WHAT YOU WILL DO ▸
All entries must be repeated exactly. No picture should appear in the result.

[Stored dataset items]
= = = = =
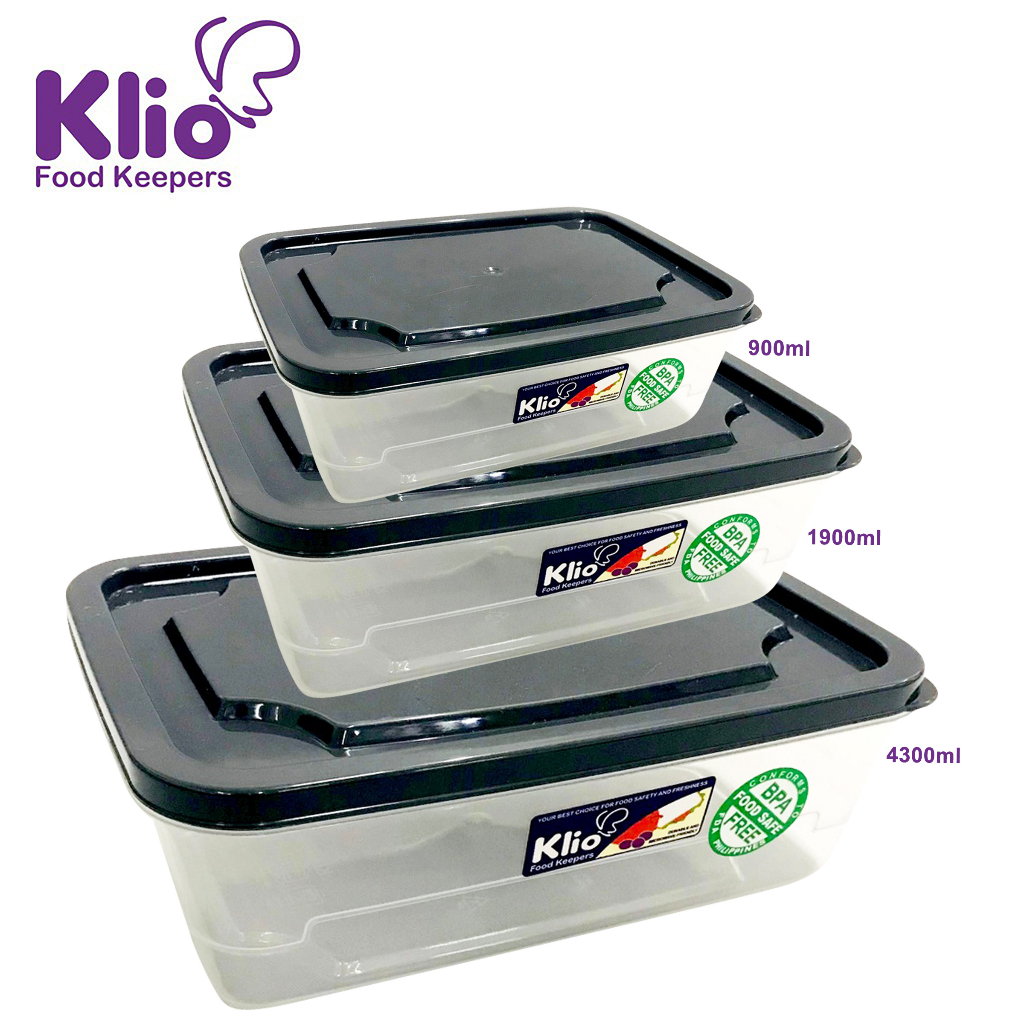KLIO by Winland Rectangular Stackable Food Keeper Kitchenware Container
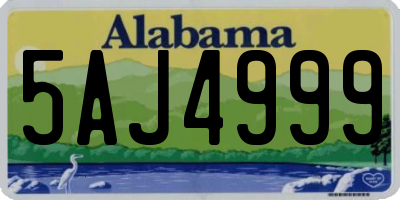 AL license plate 5AJ4999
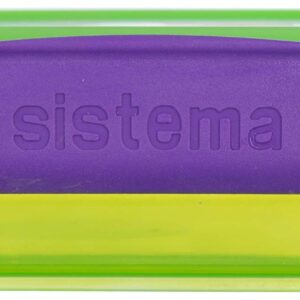 Sistema Lunch Sandwich Box-15.2 oz / 450 ml, 15.5 x 15 x 4.3 cm, Assorted Colors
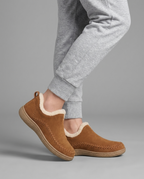 Orthopedic Fleece-Lined Moc Ankle Boots in Brown
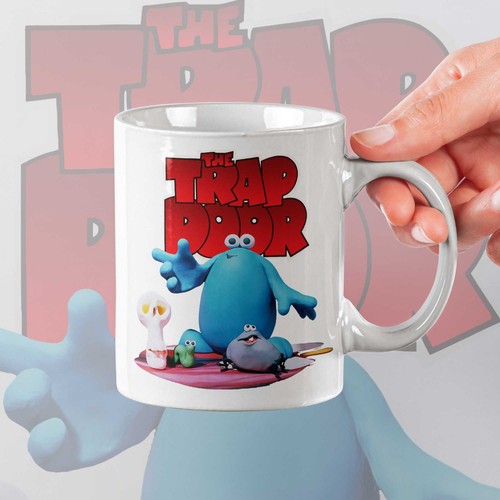 Trap door mug retro - door, 80s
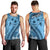 Bula Fiji Men Tank Top Turquoise Kaivity Masi Tapa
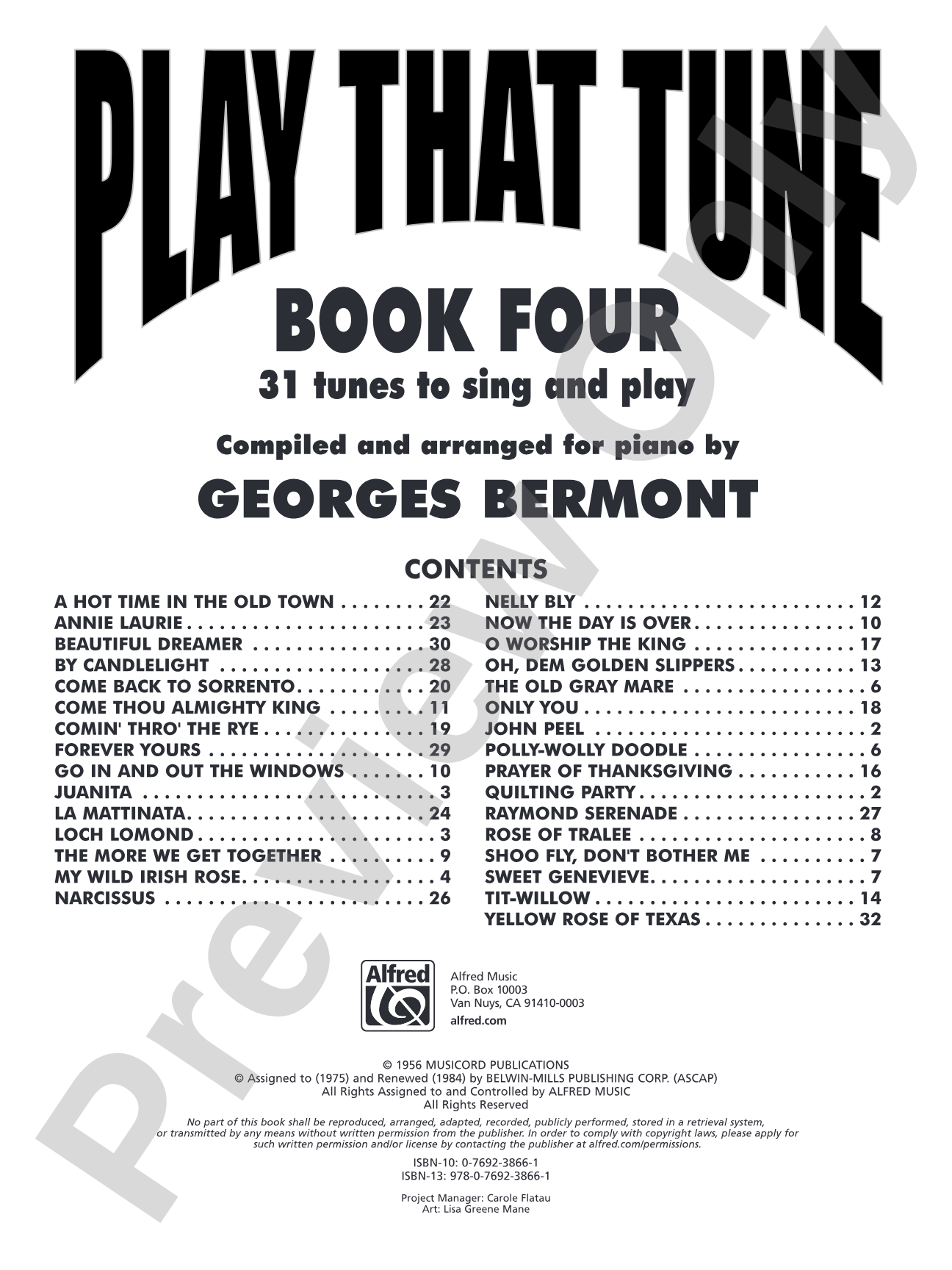 Play That Tune, Book 4: 31 Tunes to Sing and Play: Piano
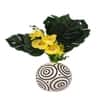 Geometric Designed Circular shaped Ceramic Vase
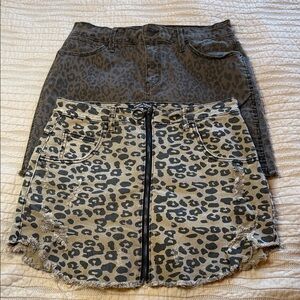 Almost Famous Leopard Print Mini Skirt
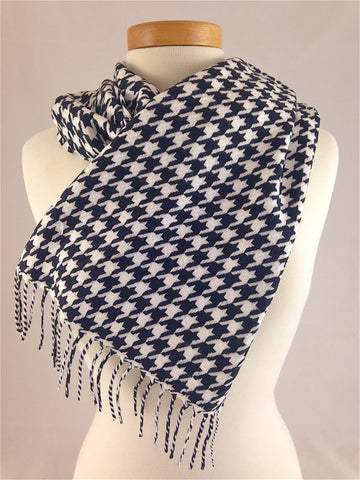Baby It's Cold Outside Houndstooth Scarf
= = = = =
ANSWER TO THIS TASK ▸
KLIO by Winland Rectangular Stackable Food Keeper Kitchenware Container
 AL license plate 5AJ4999
 Sistema Lunch Sandwich Box-15.2 oz / 450 ml, 15.5 x 15 x 4.3 cm, Assorted Colors
 Orthopedic Fleece-Lined Moc Ankle Boots in Brown
 Trap door mug retro - door, 80s
 Bula Fiji Men Tank Top Turquoise Kaivity Masi Tapa
 Play That Tune, Book 4: 31 Tunes to Sing and Play: Piano
 Geometric Designed Circular shaped Ceramic Vase
 Almost Famous Leopard Print Mini Skirt
Baby It's Cold Outside Houndstooth Scarf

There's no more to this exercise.